I’d suggest to avoid the problem. Make your life easier. The server is always right. Mostly send relative information and have client side smoothing. Periodically send absolute information, but not in the same packet for every object. Then you don’t have to care about any compounding of errors due to FP results…it will go away at the next abs-update and it mostly will be unnoticed due to client side smoothing. This also allows different versions of the game to work together as long as the net datamodel hasn’t changed (barring other breaking changes of course).

The problem is that this can lead to very weird situations. An error in one object’s position can cascade out to all nearby object through physics etc, so a huge pile of AI could constantly be pushing each other into the wrong positions if not all of them are updated at once. That would require the server not updating random objects each update, but identifying all touching objects to resync the entire batch. At the same time, we can’t afford to use lock-stepping either since it’s not responsive enough. I’m just scouting my options here, and if floats are reliable enough, then that’s another tool I can use if I need to.

Model the world on the server; model the special effects on the client. If something is critical to the gameplay, the server should be the arbiter. If it’s just eye-candy, let the client do whatever it likes.

Cas :slight_smile:

Seems to me that miniscule mathematical differences should not amount to significant differences in logic. If your world is made of perfectly spherical billiard balls rolling over perfectly flat, frictionless surfaces, the tiny differences quickly add up. But in a real world there is friction and nonrigidity.

KevGlass made a networked game using perfect determinism with strictfp that was a success. I forget which game that was but I found this old discussion about it on google:
http://www.java-gaming.org/index.php?topic=18183.0
[EDIT, found it]: http://www.java-gaming.org/topics/networking-a-dungeon-crawl/10516/msg/83159/view.html#msg83159

My little networked game used Roquen’s approach where the server is always right. But I used a funny setup to update the clients where the server would send an old game world’s state which was then updated to the present by the clients. This happened every few seconds.
There’s some detail about it here:

I wasn’t happy with the end result since there was noticeable frame drop when the big update occurred to get the old server world up to date by applying all of the events and updates. But perhaps it could be refined some more.

I’ll be interested to see how you deal with the networked game problem.

It’s unwise to depend on exact value floats. Even if you believe everyone is doing the same
calculation, compilers can and do change the order of calculations in ways that are permitted by
the normal laws of arithmetic, but which no floating point implementation can actually follow.

Although I generally agree with the first sentence, everything past that is incorrect.

“compilers can and do change the order of calculations”: with specifically known set of rules which are language specific and may depend on programmer specs in code and/or compiler settings.

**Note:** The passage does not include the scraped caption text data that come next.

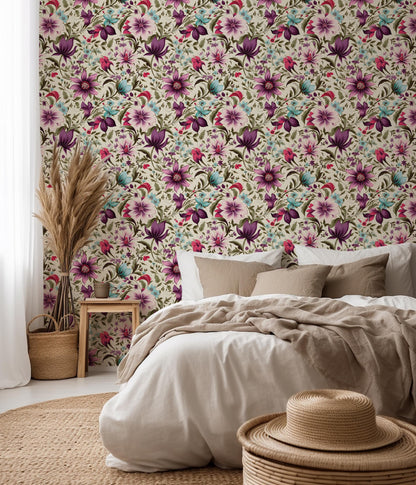 Botanical Floral Bursts Peel & Stick Wallpaper Renter Friendly Self Adhesive Wallpaper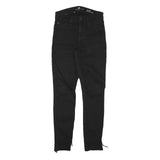 7 FOR ALL MANKIND Womens Jeans Black Slim Skinny Denim Raw W24 L27 Zip Pocket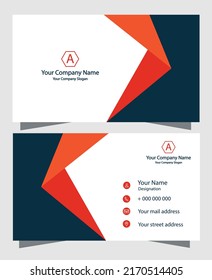 Modern Minimal Business card design template Orange and black Style 7, grey with company logo, slogan, double side editable vector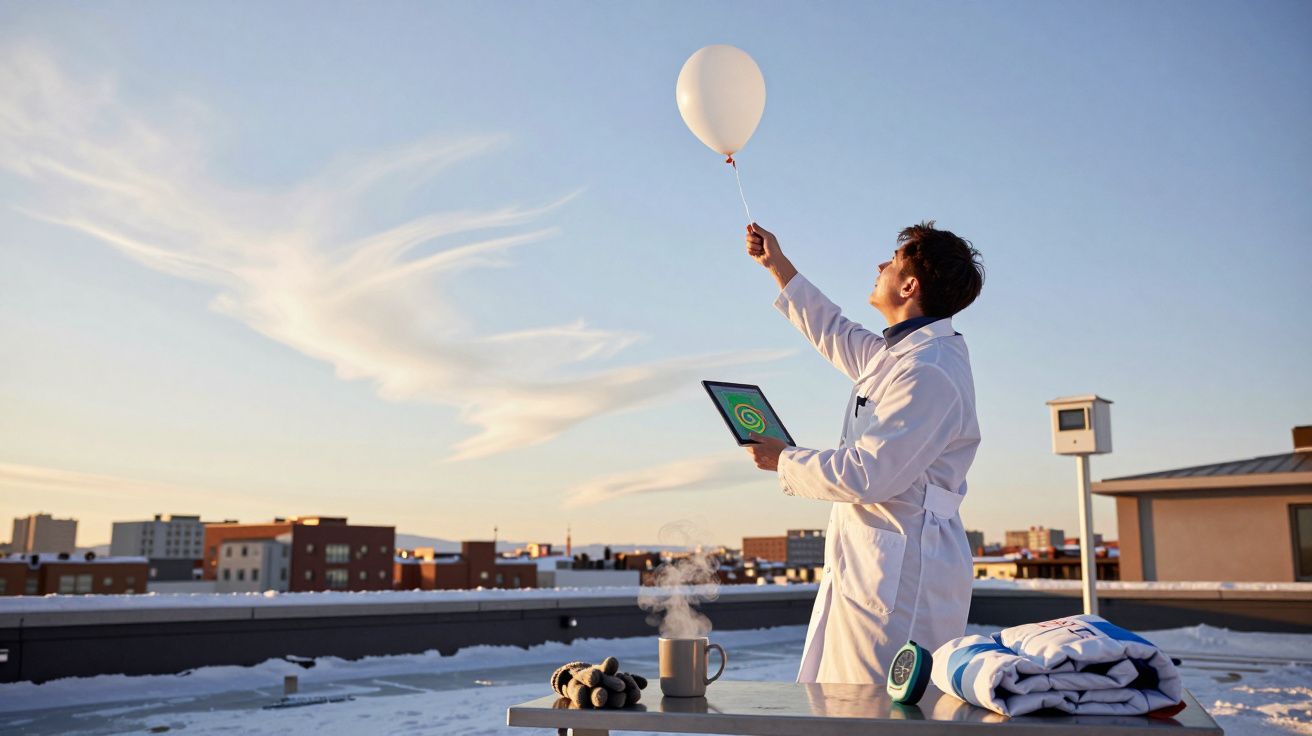 Un bărbat în halat alb pe un acoperiș ține un balon și o tabletă, cu orașul și cerul senin în fundal.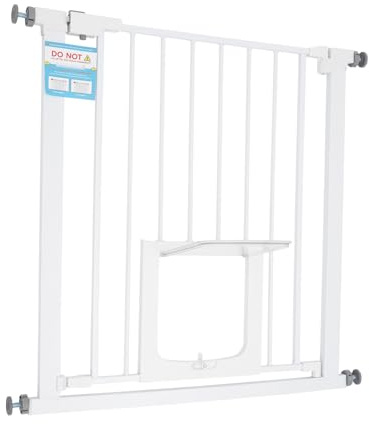 WOLEGM Puerta para bebés con puerta para gatos, puerta para bebés con puerta para animales pequeños, barandilla de seguridad para bebés, sin agujeros, fácil de cerrar, ideal para niños y mascotas, 75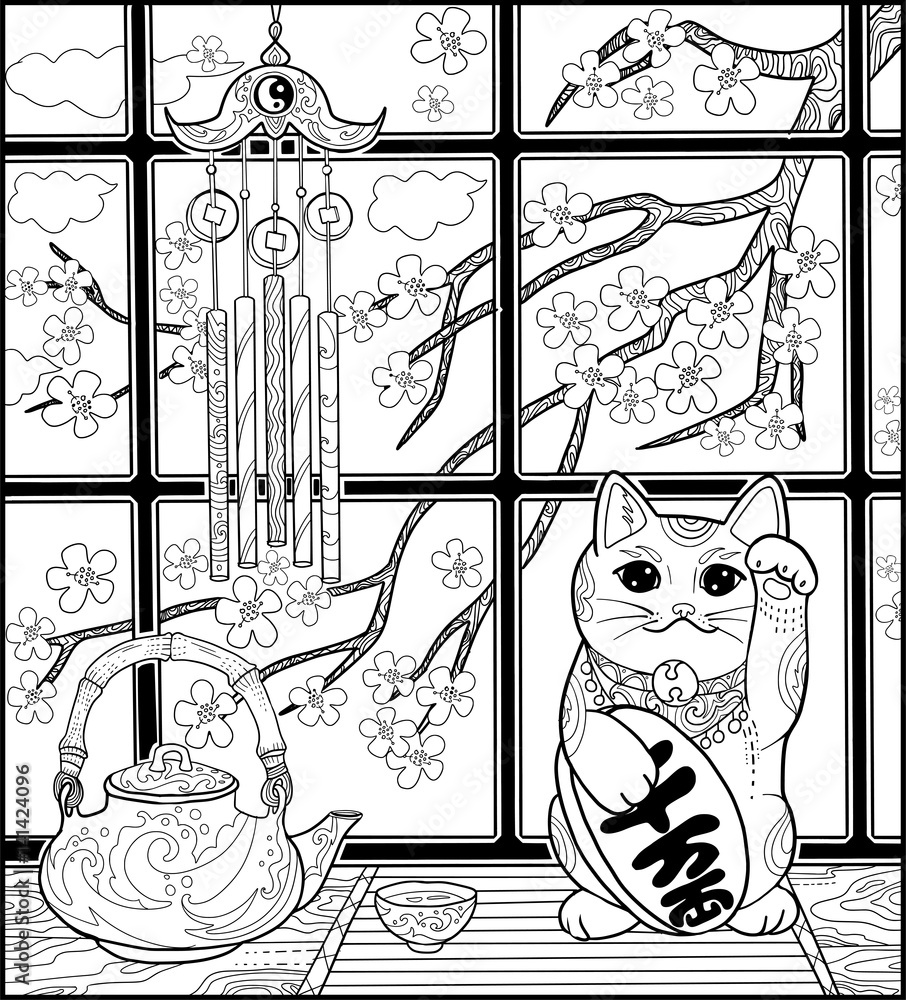 Japanese cat and sakura and tea for adult coloring book page. Maneki
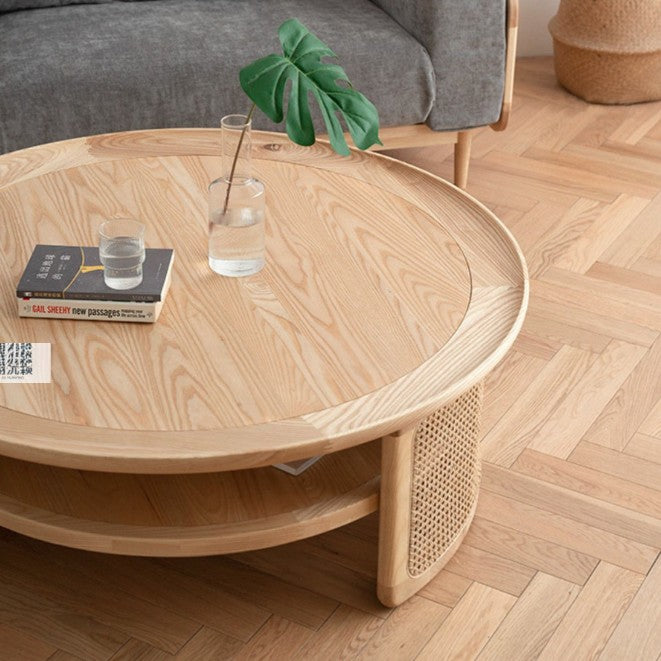 Modern Minimalist Round Solid Wood Solid Wood Plywood Rattan Weaving Coffee Table 2-Tier For Living Room
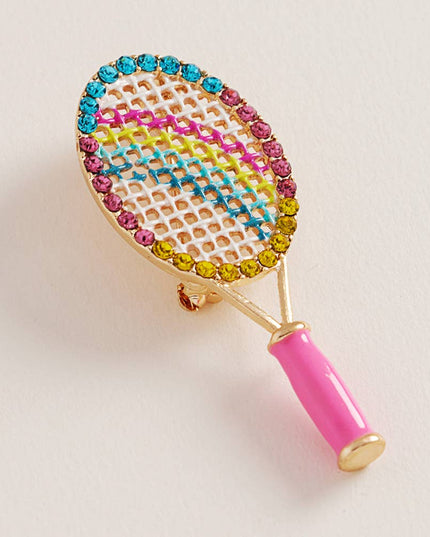 Rhinestone Rainbow Tennis Racket Pin Brooch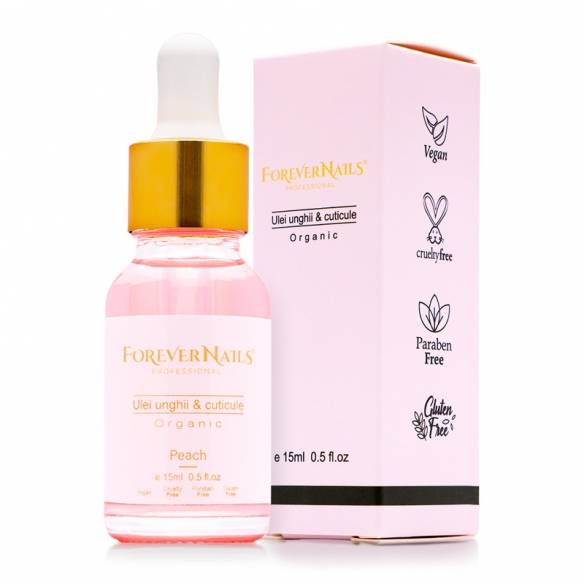 Ulei de Cuticule Organic ForeverNails Peach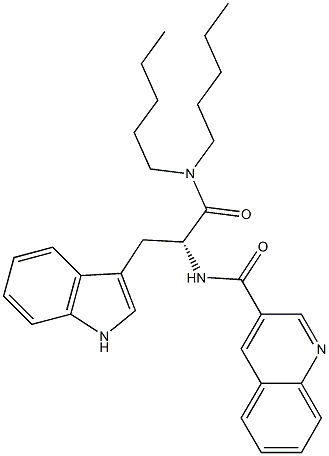(R)-2-(3-Quinolinylcarbonylamino)-3-(1H-indol-3-yl)-N,N-dipentylpropanamide Struktur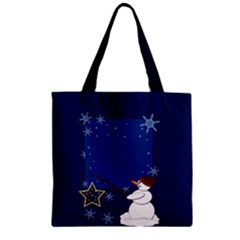 Snowman Zipper Grocery Tote Bag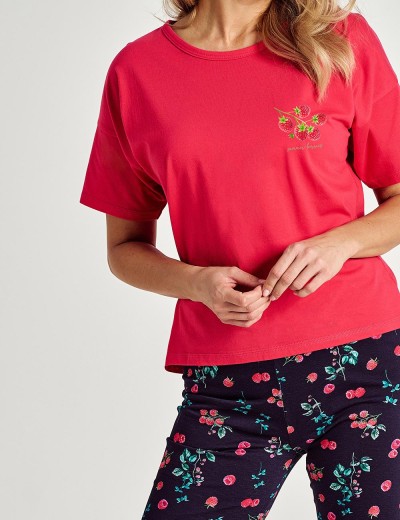 Женская пижама с бриджами Taro DORA 3109-01, Цвет: малиновый, Размеры: S, изображение 3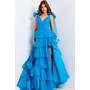 JOVANI 48288A Tiered Sheer Overlay Formal Evening Gown With Bow Straps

“in ways that are permitted by the normal laws of arithmetic”: if you mean Z/Zn integers and IEEE spec FP then okay, otherwise no. The only tricky part is FP functions that are not required to be properly rounded. You have to know what they are and not use them for exact computation everywhere.

“but which no floating point implementation can actually follow.” IEEE FP rules aren’t black magic and if you don’t use variable ULP functions and disallow any compiler transforms that change error bound then all computations are bit-exact. That’s one of the main points of the spec in the first place.

… which is exactly what strictfp does, at the occasional expense of a bit of performance here or there :slight_smile: Even so it’s probably going to be quite hard to find bugs in your client when they inexplicably diverge at some point.

Cas :slight_smile:

yeap, but you have to take care with things like “java.Math” functions.

Which functions?

Looking quickly, the follow should all be good of the fp routines:
sqrt,ceil,floor,rint,round,abs,min,max,ulp,signum,copySign,next{Up,Down,After},scalb

Why not just use StrictMath everywhere?

Do some of the Math methods with exactly defined results (e.g. Math.sqrt) get intrinsified?